Progress made with anti-fraud investigations
Good progress is being made with anti-fraud investigations by St Albans City and District Council following the acquisition of new software.
The Council is investigating what appears to be an unusually high number of people claiming a single person’s discount of 25% for Council Tax.
Last year, it subscribed to a Government service that pinpoints properties where suspect claims are being made.
It does so by matching discount claims with other financial and personal data that public bodies are entitled to hold.
During the first three months of this year, 139 people were identified as high risk and were sent a letter. They will be investigated further by the Council’s Internal Audit and Revenues Teams when they finish Covid-19 duties.
The Council has also been looking for cases of tenancy fraud using another matching tool that it has acquired.
This highlighted four Council homes where it was suspected the named tenant might be living elsewhere.
Two of those properties have been taken back by the Council and given to people on the housing register who had been waiting for a permanent home. Enquiries are continuing into the other two properties.
A report on the Council’s anti-fraud activities were given to a meeting of the Audit Committee on Wednesday 29 April.
The meeting heard a new focus of the anti-fraud work is more vigorous checking of all right-to-buy Council home applications.
This includes ensuring the tenants’ details are accurate and the Council is not being used to launder money that may be from the proceeds of crime.
The anti-fraud drive has also been boosted by the launch of the Council’s new website which is more user friendly.
It is easier for people to report any suspicions they have of fraud. This has resulted in more tip-offs this past month than in the last six months of 2019.

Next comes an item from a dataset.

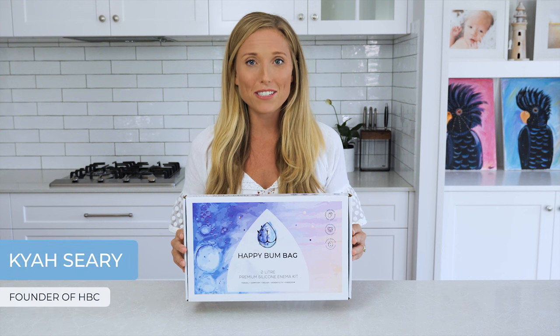Hello and welcome to the Happy Bum Co. Today I'll be teaching you how to set up your Happy Bum Bag Complete Enema Kit and teaching you how to perform an enema.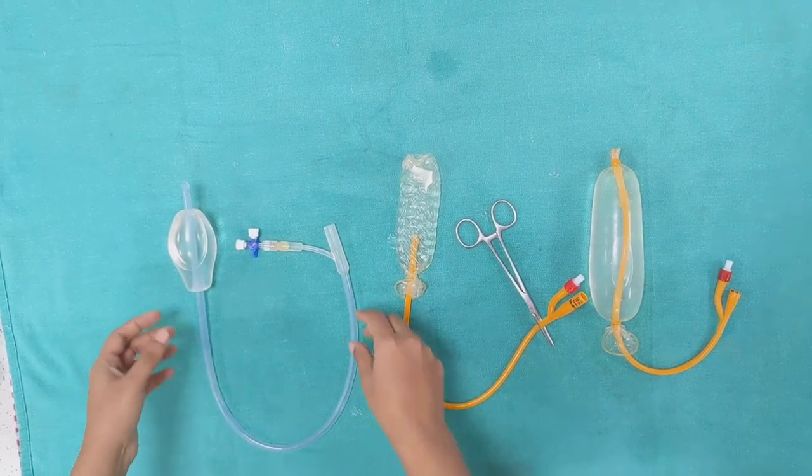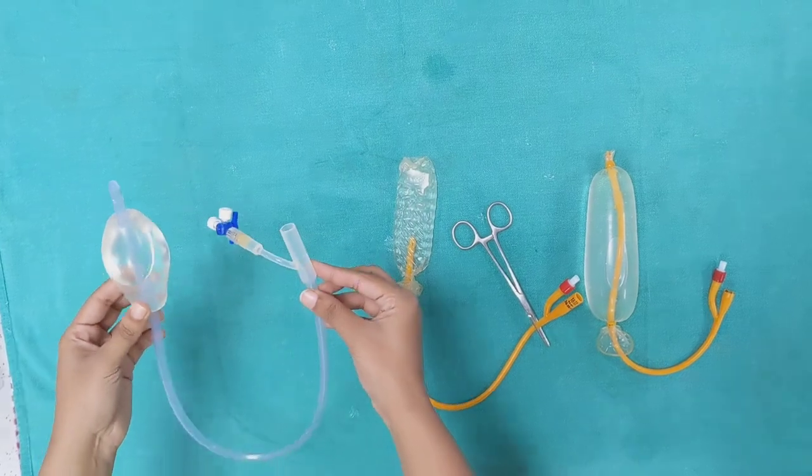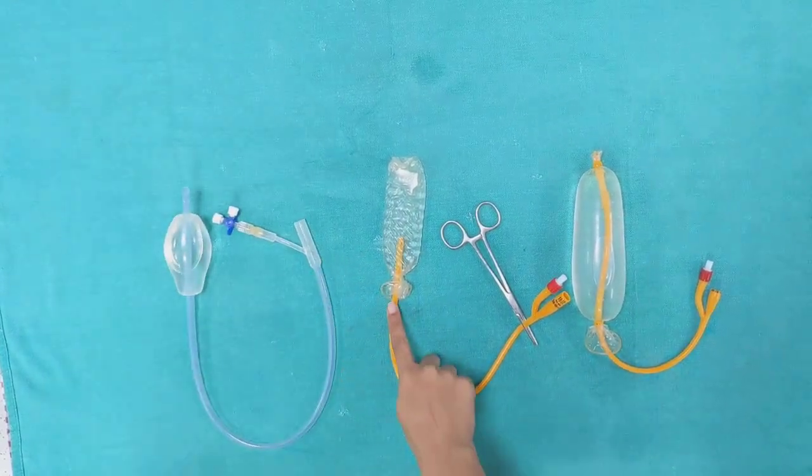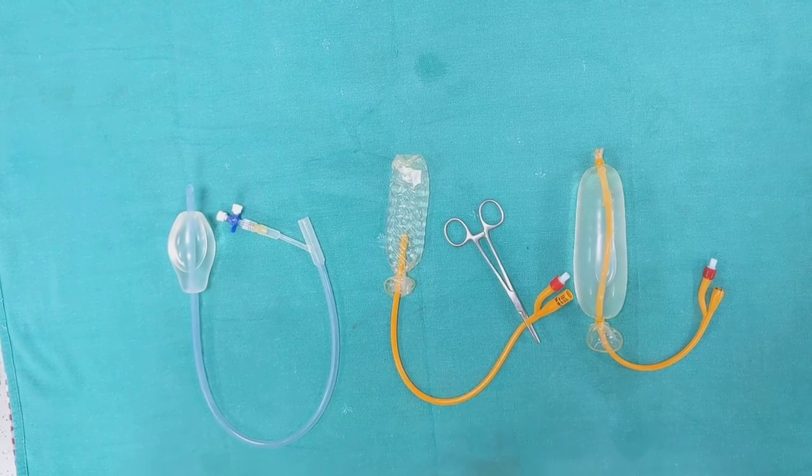Good afternoon everyone. Today we are here to study the various components of a Bakri balloon and how it is used in atonic PPH. We shall also study the various modifications of condom catheters that can be used in a low resource setting.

Every report will be thoroughly investigated as part of the Council’s efforts to stamp out fraud and corruption. Reports can be made to https://www.stalbans.gov.uk/fraud.
Councillor Julian Daly, the Committee’s Chair, said after the meeting:
The Government expects local authorities to recognise their fraud risks and invest sufficient resources to counter fraud activity.
Over the last few months, the Council has greatly improved its ability to identify fraud by the use of computer programmes which can pinpoint suspects.
Already, more than 100 people suspected of incorrectly claiming a Council Tax discount have been identified along with four Council homes where there may be tenancy fraud.
We will look to recover any money which the Council is owed and free up properties that are in the wrong hands.
This robust approach can save the Council money and also help people who are waiting on our housing register.